- MATERIAL FOR THIS EXERCISE -
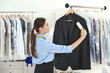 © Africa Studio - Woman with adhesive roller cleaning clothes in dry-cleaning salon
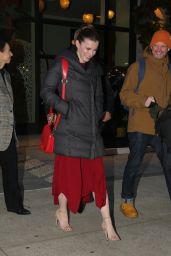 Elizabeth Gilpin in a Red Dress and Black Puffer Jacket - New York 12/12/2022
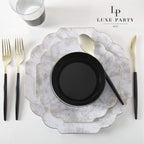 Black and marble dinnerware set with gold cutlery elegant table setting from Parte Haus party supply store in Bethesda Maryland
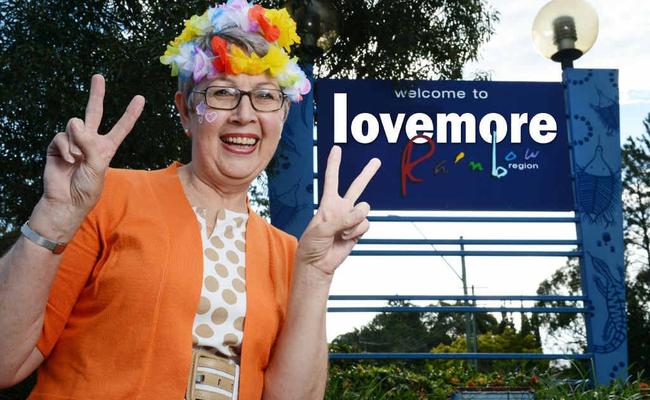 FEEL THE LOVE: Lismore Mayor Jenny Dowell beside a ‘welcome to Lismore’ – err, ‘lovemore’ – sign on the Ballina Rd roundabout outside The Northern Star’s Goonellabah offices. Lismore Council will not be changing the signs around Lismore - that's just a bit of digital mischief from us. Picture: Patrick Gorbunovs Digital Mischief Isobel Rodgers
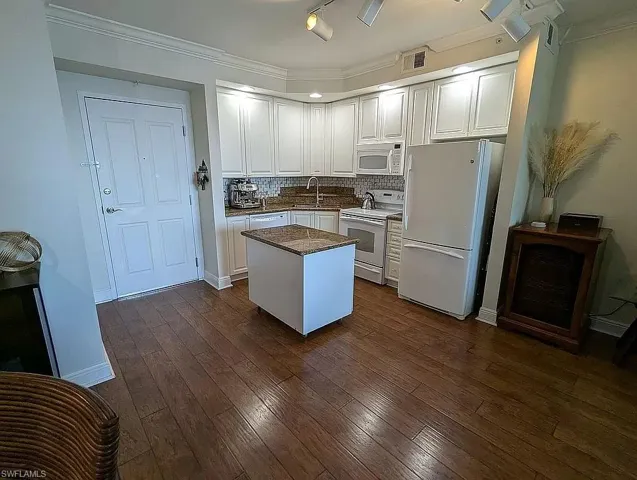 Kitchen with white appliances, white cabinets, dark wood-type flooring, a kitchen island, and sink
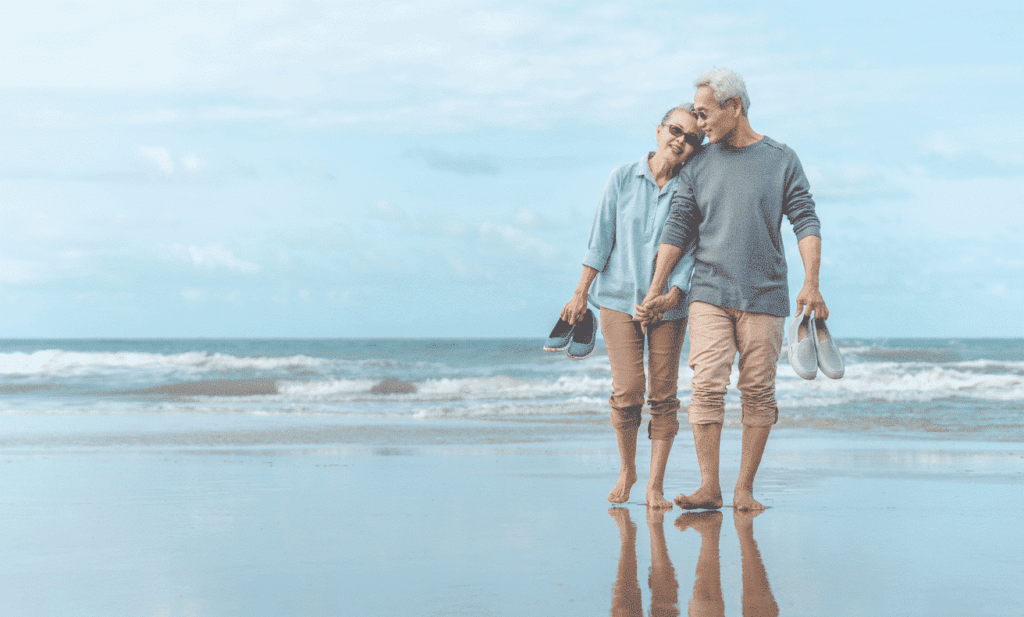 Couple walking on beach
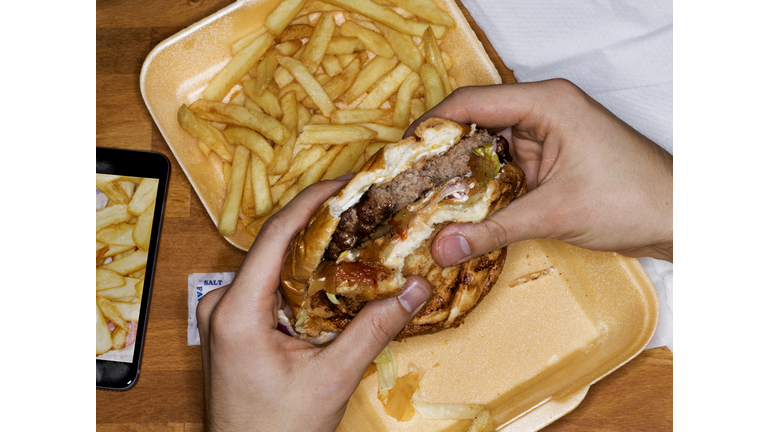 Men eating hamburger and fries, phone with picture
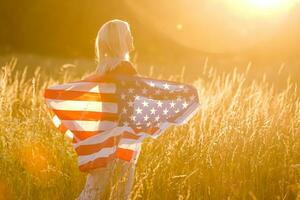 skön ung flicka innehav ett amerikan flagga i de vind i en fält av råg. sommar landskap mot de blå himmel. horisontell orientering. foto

--

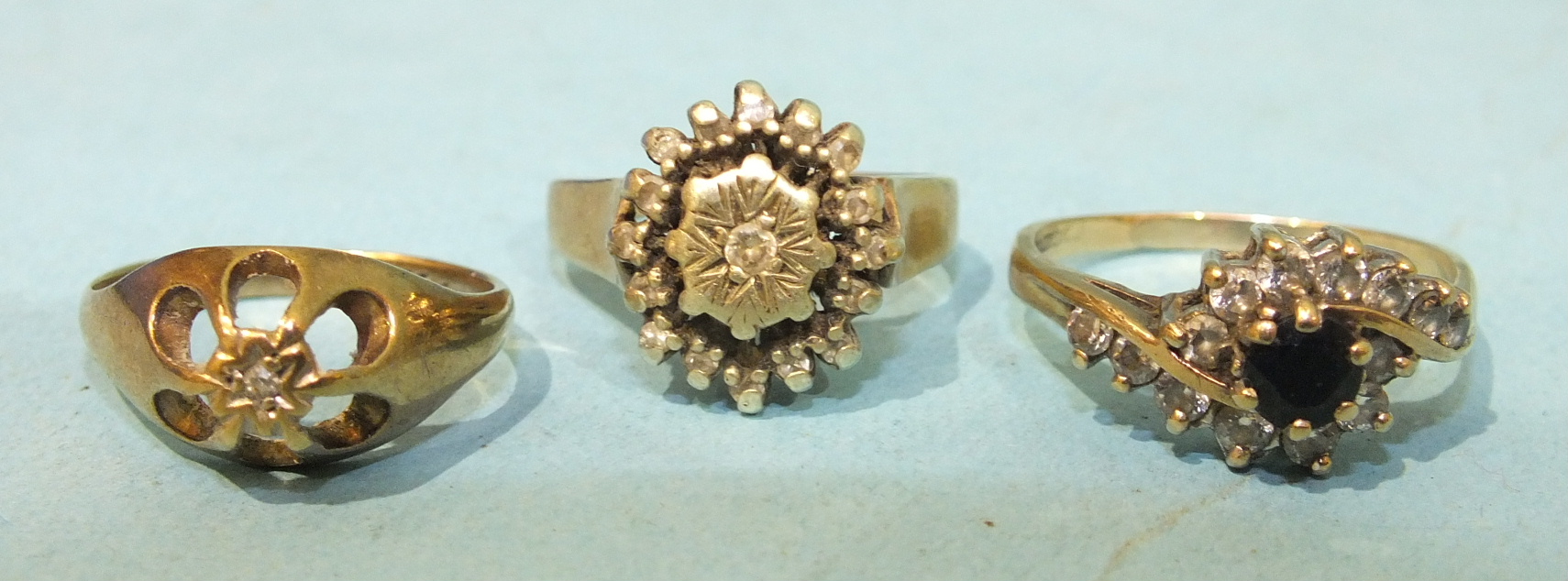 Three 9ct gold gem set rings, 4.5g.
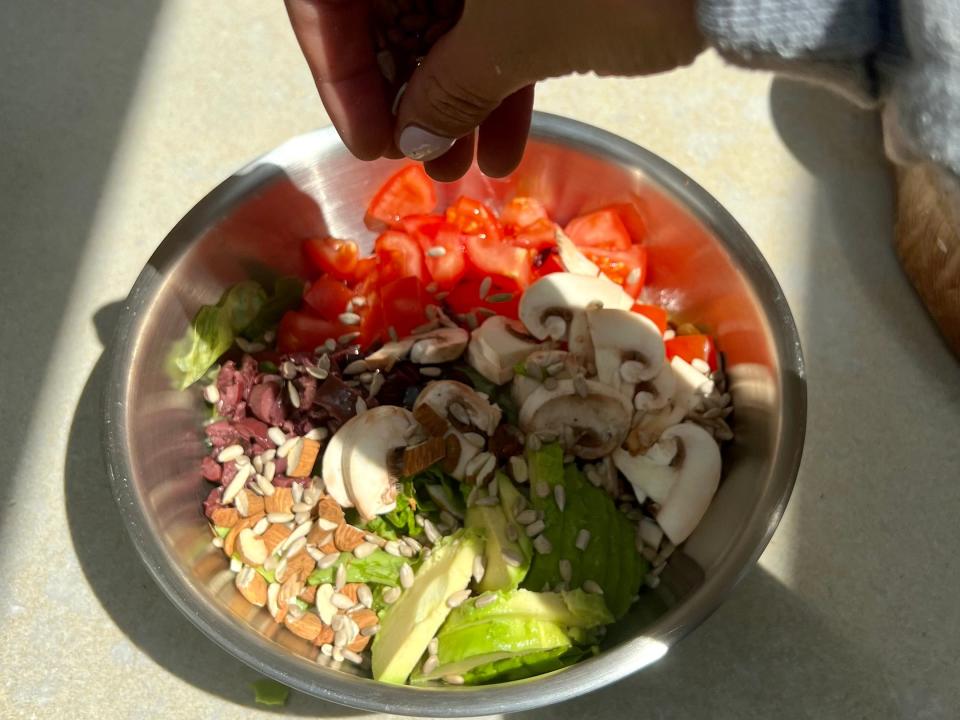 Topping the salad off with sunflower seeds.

- TASK DIRECTIONS -
The answer must be the part of the records that opens with the line containing "Men eating hamburger" and closes with the line containing "skön ung flicka", reproduced exactly, with no pictures.

- THE ANSWER -
 Men eating hamburger and fries, phone with picture
 skön ung flicka innehav ett amerikan flagga i de vind i en fält av råg. sommar landskap mot de blå himmel. horisontell orientering. foto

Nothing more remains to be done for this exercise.